Her appointment as a U.N. Goodwill Ambassador for the Dignity of Survivors of Human Trafficking for the U.N.’s drugs and crime body comes just months after she briefed the U.N. Security Council in the first-ever session on human trafficking Dec. 16, 2015.
In her testimony that day, Murad recounted her painful abduction and captivity, describing how she had been rounded up with other Yazidis when ISIS attacked, and watched as the militants shot men and boys in cold blood.
“We found ourselves faced with a true genocide…ISIS had one intention: to destroy the Yazidi identity by force, rape, recruitment of children, and destruction of all of our temples,” she said, noting that six of her brothers were among some 600 men and boys slaughtered by the militants in one day, while her mother was one of 80 elderly women executed and buried in a mass grave.

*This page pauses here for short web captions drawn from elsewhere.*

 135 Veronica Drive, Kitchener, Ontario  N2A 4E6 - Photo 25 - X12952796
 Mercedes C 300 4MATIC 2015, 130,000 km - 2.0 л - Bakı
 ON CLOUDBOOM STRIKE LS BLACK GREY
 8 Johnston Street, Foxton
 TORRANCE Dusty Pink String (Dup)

She stressed that the jihadists “didn’t come to kill the women and girls, but to use us as spoils of war, as objects to be sold … or to be gifted for free. Their cruelty was not merely opportunistic. The ISIS soldiers came with a pre-established policy to commit such crimes.”

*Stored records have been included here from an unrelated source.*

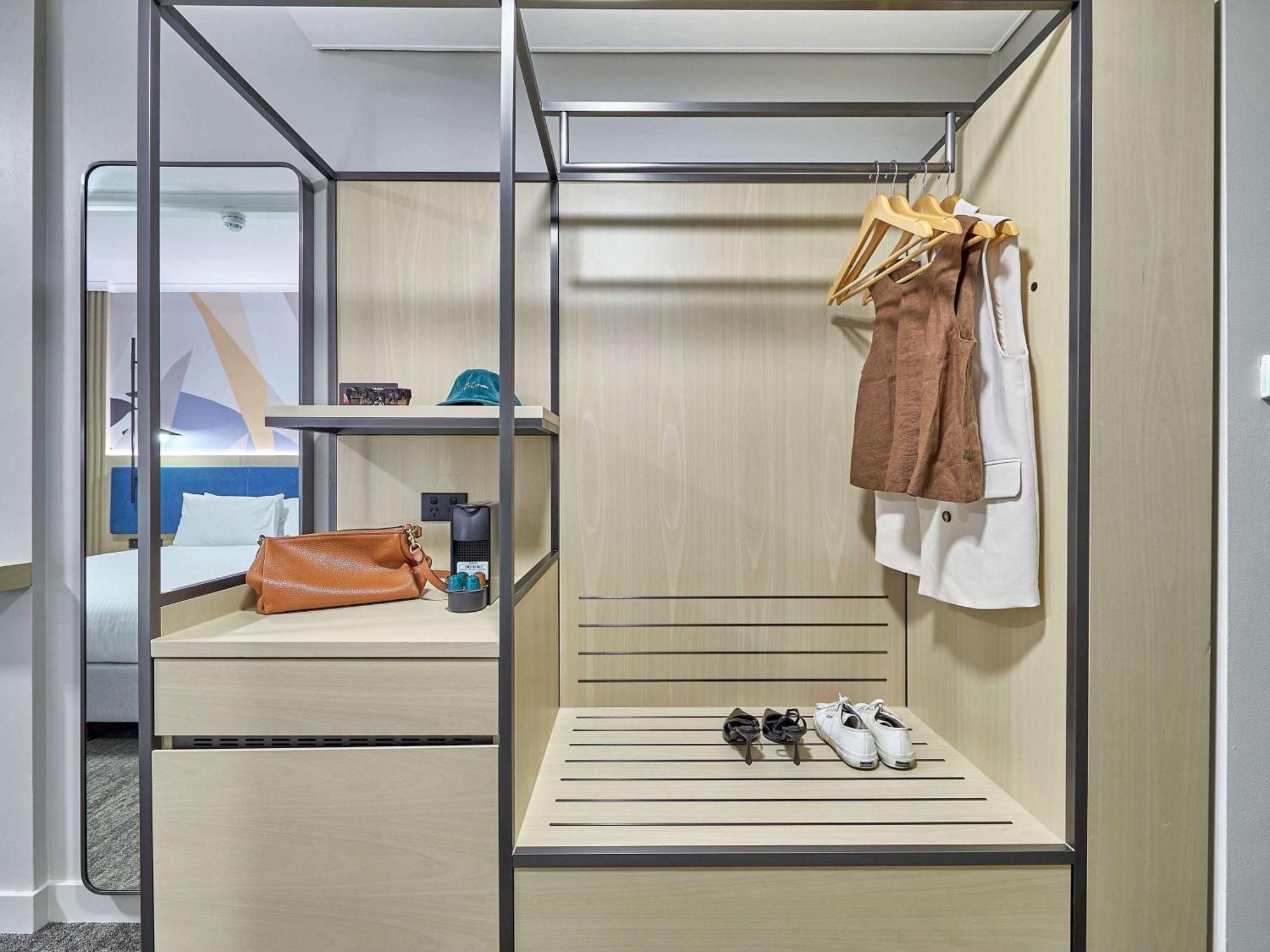 Ibis 4*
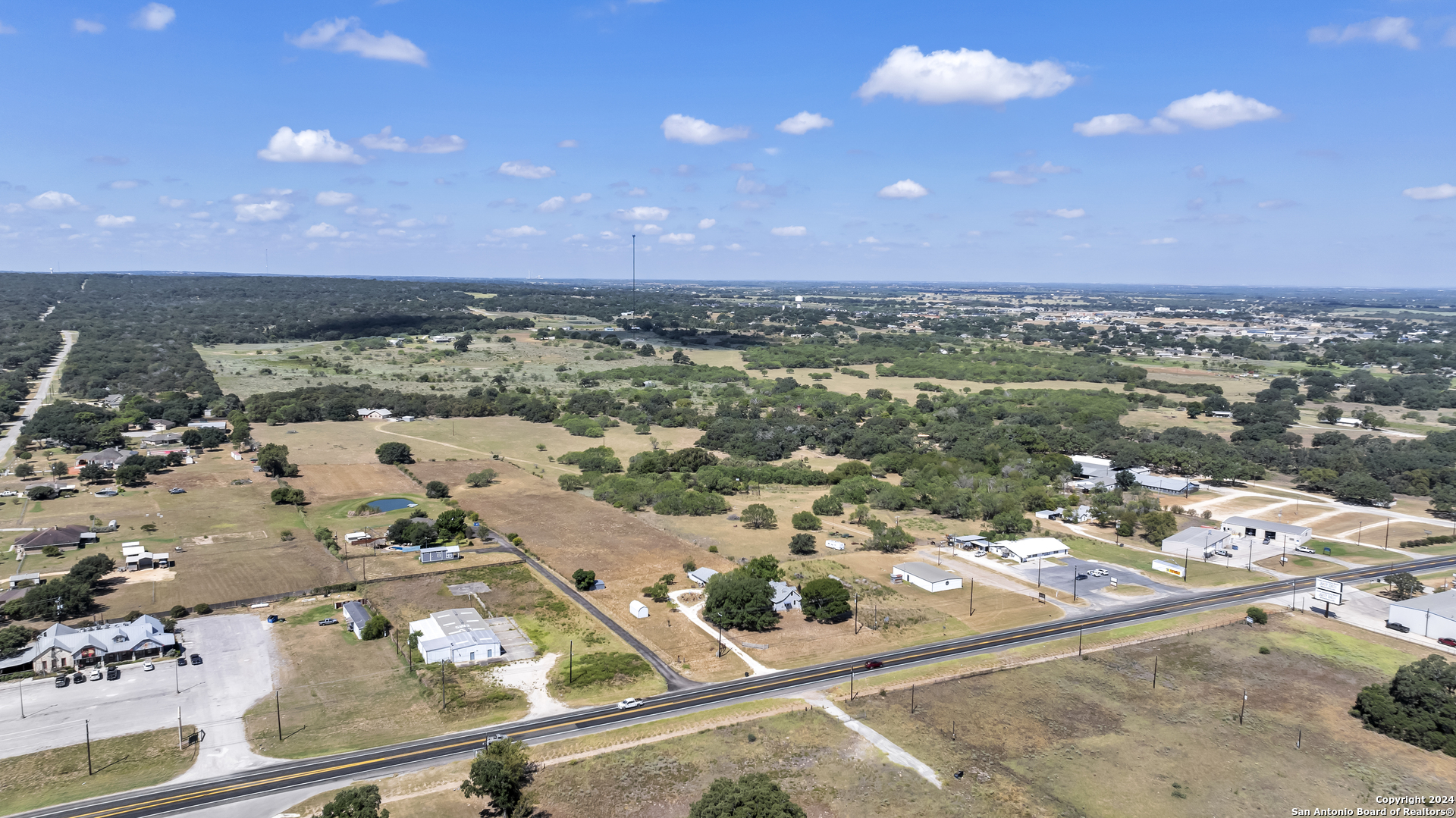 12153 E Us Hwy 87 W La Vernia TX 78121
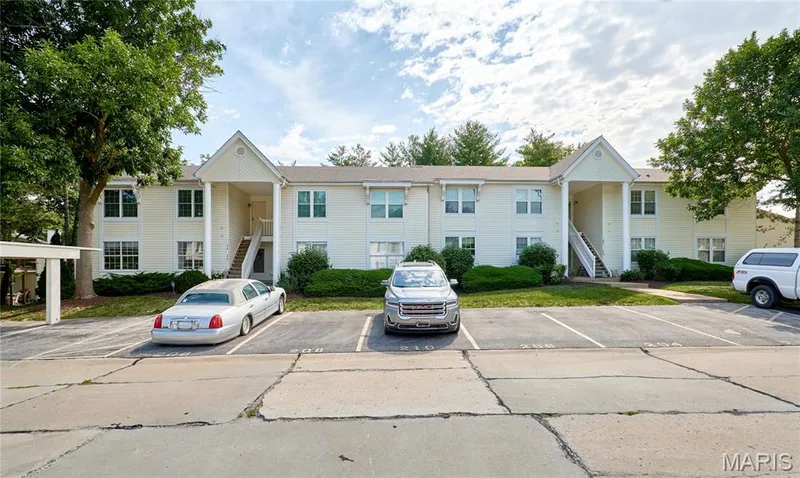 Multi-unit building — 214 Sugar Lake Drive #5, St Peters, MO 63376
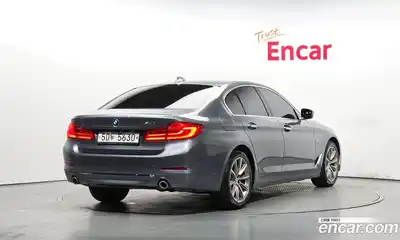 BMW 5-Series 2018 2.0 Автомат в Москве № 622155, миниатюра 2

“Rape was used to destroy women and girls and to guarantee that these women could never lead a normal life again,” she said, and recounted how on Aug. 15, 2014, ISIS militants came to her school and separated the men and women, killing the men and taking the women by bus to a different region.

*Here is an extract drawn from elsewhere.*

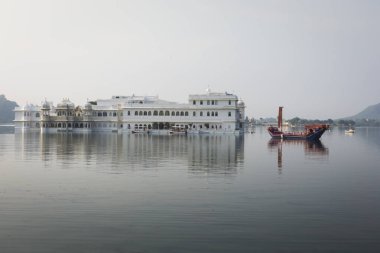 Taj göl Sarayı Udaipur, Rajasthan, Hindistan göl PICHOLA üzerinde.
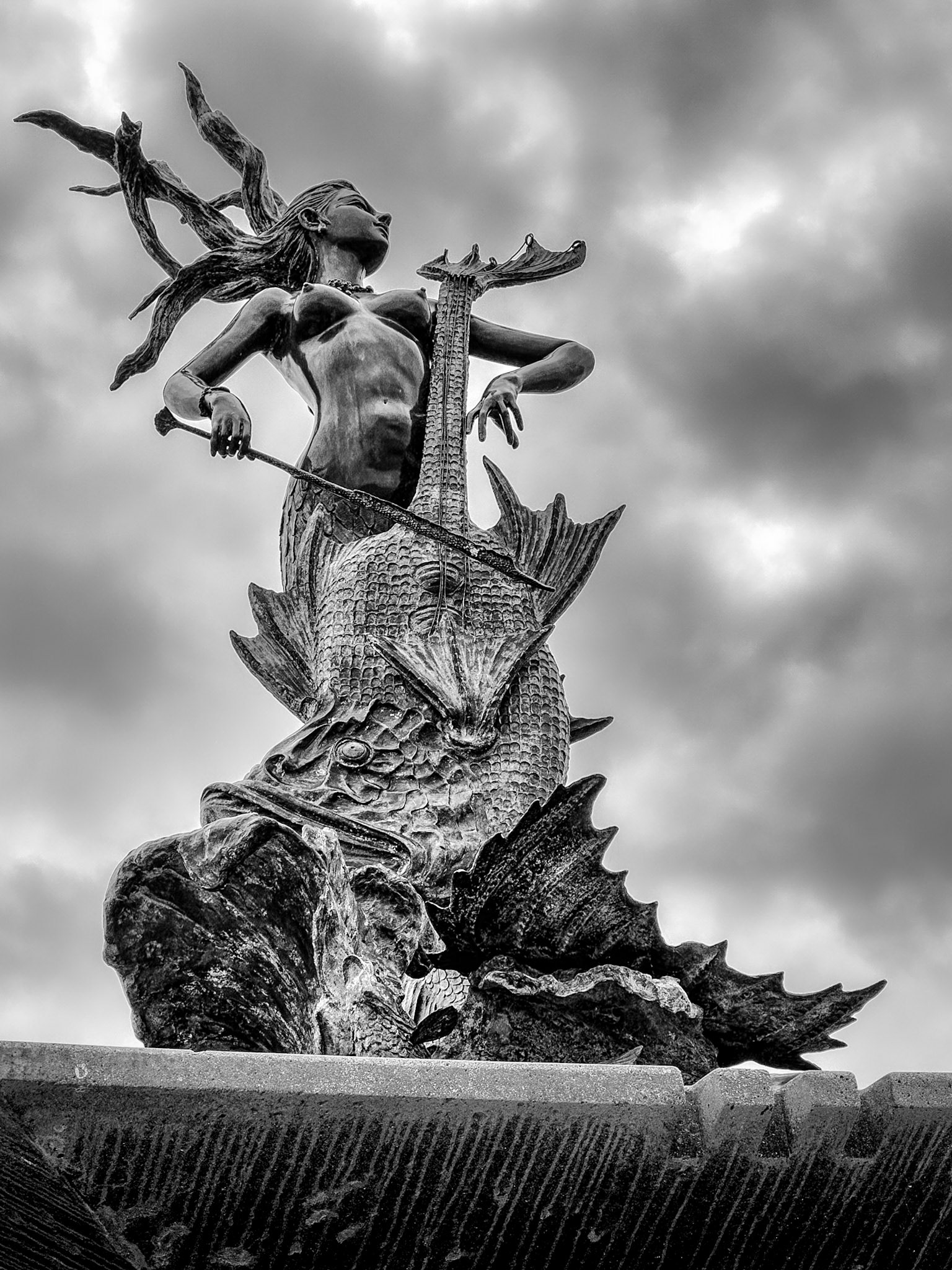 Strolling the sea shore at Oxnard, CA a day before the Rose Bowl game.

“Along the way they humiliated us, they touched us and that violated us,” she said, explaining that they were taken to Mosul and brought to a building with thousands of other Yazidi families and exchanged as “gifts.”
“One of these men came up to me, he wanted to take me. I looked at the floor. I was absolutely petrified. When I looked up I saw a huge man, he was like a monster. I cried out, I said ‘I’m too young and you’re huge!’ He hit me, he kicked me and beat me,” Murad recounted.
She recalled that a few minutes later she was approached by a smaller man, and begged him to take her instead. The man, she said, asked her to change religion, but “I refused.”
He then asked for her hand in marriage, Murad said, and she then told him she was “ill.”
“A few days later he forced me to get dressed and put makeup on,” she said, recalling that after raping her, he forced her to serve as part of his military faction and humiliated her daily by torturing her and forcing her to wear clothes that didn’t fit her body.
On her first attempt to flee, Murad said she was stopped by a guard who then beat her, made her take her clothes off and then put into a room with the other guards, who raped her until she fainted.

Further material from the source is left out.